From Gerard Minack of Morgan Stanley (hat tip Scott):
The past two years have demonstrated the high cost of these policy errors. More to the point, the private sector now seems leery of debt and aiming to increase saving. This matters a lot, in our view. It means that monetary policy is battling two headwinds. The well-known problem is the ‘lower bound’: With inflation low, real interest rates can’t be reduced far enough to encourage demand.
The other problem – and we think perhaps the more telling one – is lower demand. An economist sees this as the demand curve for credit shifting down and to the left. Exhibit 4 suggests that this has happened. The scatter-plot tracks the real mortgage rate (vertical axis) against the net balance of bankers reporting stronger demand for mortgage finance, as reported in the Fed’s Senior Loan Officer Survey (horizontal axis). (Since mid-2007, the Fed asks separately about prime and other mortgages. We have averaged those responses.) The best-fit lines suggest a shift over the past four years: Households are less willing to borrow at any given level of interest rates. In other words, rates have to fall farther than usual – and farther than modeling based on history would suggest – to generate a given increase in credit demand. (As an aside, when we tried the same thing with demand by large corporates, we couldn’t see a similar shift.)

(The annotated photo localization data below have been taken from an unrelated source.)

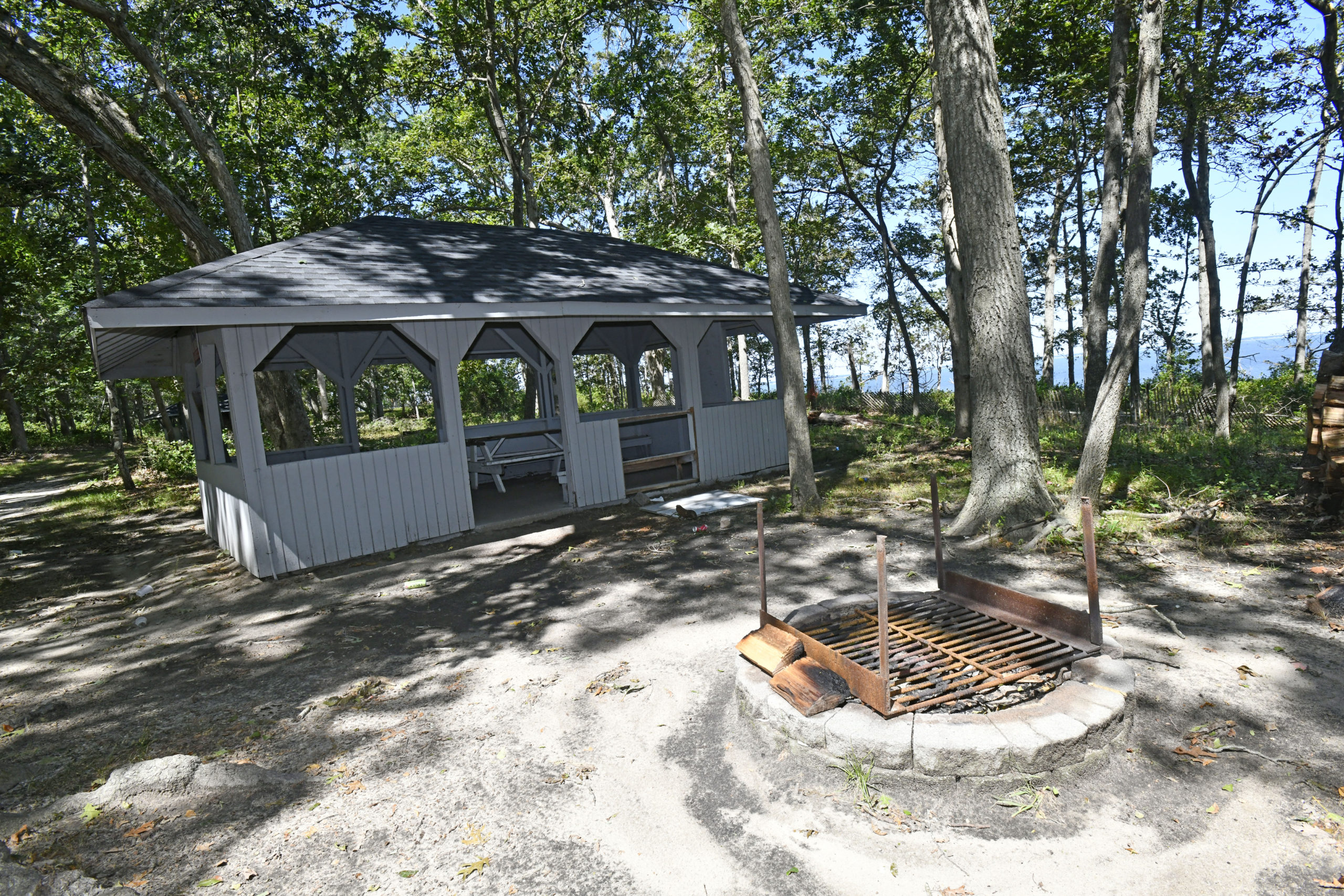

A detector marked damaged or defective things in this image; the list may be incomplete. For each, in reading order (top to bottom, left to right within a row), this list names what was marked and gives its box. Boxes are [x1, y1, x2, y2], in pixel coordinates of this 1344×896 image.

rusted metal post [758, 502, 769, 628]
rusted metal post [876, 532, 887, 714]
rusted metal post [930, 472, 951, 591]
rusty metal grate [795, 596, 1091, 714]
rusted metal post [1075, 497, 1096, 645]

Why does this matter? If the expansion continues – and our macro colleagues think it will – then it won’t matter: Policy will have done enough to support at least a tepid recovery in the developed world. But these issues will matter a lot if growth falters.

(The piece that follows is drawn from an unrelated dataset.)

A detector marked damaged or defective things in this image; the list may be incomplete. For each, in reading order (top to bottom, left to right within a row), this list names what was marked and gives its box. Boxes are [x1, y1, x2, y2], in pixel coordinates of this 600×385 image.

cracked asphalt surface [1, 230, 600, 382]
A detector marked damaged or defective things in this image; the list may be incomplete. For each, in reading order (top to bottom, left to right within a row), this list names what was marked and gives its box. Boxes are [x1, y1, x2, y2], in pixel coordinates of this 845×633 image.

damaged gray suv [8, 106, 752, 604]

Our sense is that investors are more concerned now about the stretch in fiscal policy than monetary policy. Those concerns, and political factors, may limit the ability of fiscal policy to respond to renewed macro weakness in some developed economies. If investors also sense that monetary policy has lost its potency – or, put better, can’t single-handedly prevent recession – then risk assets will fall. More to the point, we think it means that investors (righty) will continue to focus on growth data, rather than rate or liquidity indicators.
One final point: The final step in Mr. Bernanke’s option list – the helicopter drop – clearly differs from the others. The difference is that instead of lowering the cost of borrowing money, policymakers are now giving it away. That, surely, would work. Of course, there are practical issues. This would effectively be fiscal policy (indeed, Mr. Bernanke didn’t really suggest helicopters – he suggested unfunded tax cuts), which means the central bank could not act autonomously. It also would increase the risk of the policy response to a deflation scare ending with inflation. We’ll write about this later.
What is Gerard saying?
- Policy errors matter when the economy is at stall speed and any number of exogenous shocks can tip us into deflation and recession.

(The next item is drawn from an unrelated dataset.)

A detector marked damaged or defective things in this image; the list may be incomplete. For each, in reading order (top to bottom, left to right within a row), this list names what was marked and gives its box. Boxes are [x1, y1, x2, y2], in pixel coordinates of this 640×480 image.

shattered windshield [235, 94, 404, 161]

- The credit demand curve has shifted downward wholesale. But, more than that the price inelasticity of credit demand is high. That means monetary policy will have a weak effect on end demand. Read: The Fed pushing on a string.
- Investors are concerned about fiscal policy more than monetary policy. But fiscal policy is dead – if only for political reasons. Therefore, monetary policy has stepped centre stage. For that, I refer you back to #2. This is bad for risk assets (high yield, emerging market bonds, and stocks – especially ones with high beta or in economically sensitive sectors)
- The helicopter drop (crediting bank accounts with dollars) option is qualitatively different from all the others. But this would be a further move by the Fed into the fiscal arena.
My take: The helicopter drop option would only come after deflation has already set in i.e. after the depression becomes apparent in the form of a renewed drop in GDP, an increase in unemployment and a drop in risk assets. Don’t think the Fed will wade full-scale into the fiscal arena unless forced to do so. In the meantime, I expect almost no fiscal stimulus in the U.S. or anywhere else in Europe. Fiscal policy is dead until the next leg down. Monetary policy will be the stimulus drug of choice; But the drugs won’t work and we will probably get another leg down.
My hope is that job growth can pick up before any of this becomes axiomatic. But this is not what recent data in the US are telling us. The recent data say economic weakness is accelerating. If this trend continues, expect risk assets to be a poor medium-term bet.
If fiscal policy is dead, then hope for recovery is dead. Mapping the Recovery Act spending (vs. tax cuts) against GDP and employment demnstrates the close connection. Mapping monetary policy against GDP and employment shows nothing. Continued faith in monetary policy after three years of failure …?
The investment that is the object of low rates and bank welfare is not happening. It will not happen until there is a prospect for profit. The deleveraging — paying down debt — in the private sector will continue even with money dropped from helicopters.
Galbraith’s big, long-term public goods spending… a national and ongoing jobs program per Minsky… some stable floor under demand … absent this, there will be no recovery. PS: Did nobody notice that Greenspan’s cheap money and Bush’s tax cuts produced no — ZERO — jobs for the 00’s?